▶ SUPPLIED DATA
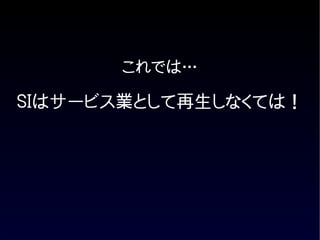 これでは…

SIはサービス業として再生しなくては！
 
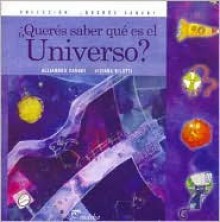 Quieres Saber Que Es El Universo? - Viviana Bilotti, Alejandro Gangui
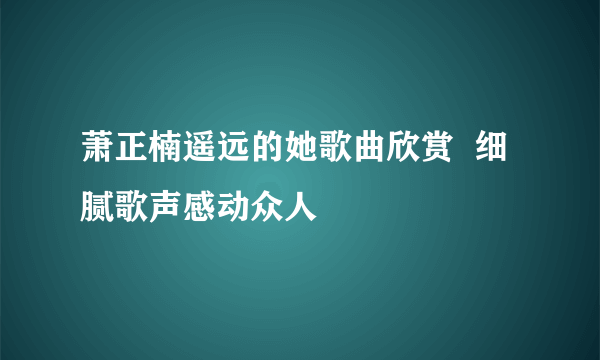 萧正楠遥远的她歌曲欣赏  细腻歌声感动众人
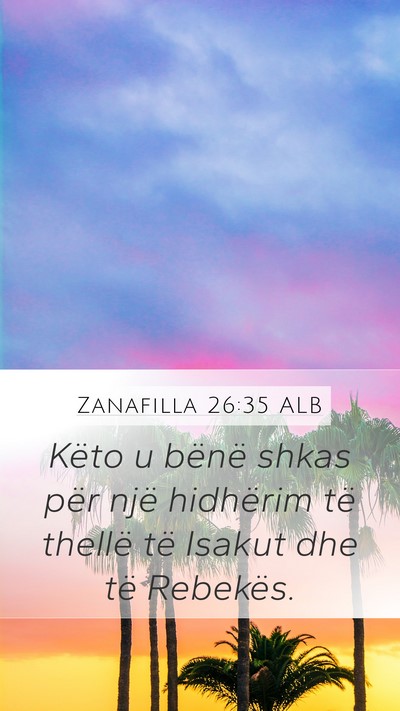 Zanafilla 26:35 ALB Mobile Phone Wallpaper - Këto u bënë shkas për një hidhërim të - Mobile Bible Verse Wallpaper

▶ WORK ORDER
Retype the entries verbatim and drop the pictures.

▶ TASK SOLUTION
 これでは…

SIはサービス業として再生しなくては！
 
 Quieres Saber Que Es El Universo? - Viviana Bilotti, Alejandro Gangui
 萧正楠遥远的她歌曲欣赏  细腻歌声感动众人
 Zanafilla 26:35 ALB Mobile Phone Wallpaper - Këto u bënë shkas për një hidhërim të - Mobile Bible Verse Wallpaper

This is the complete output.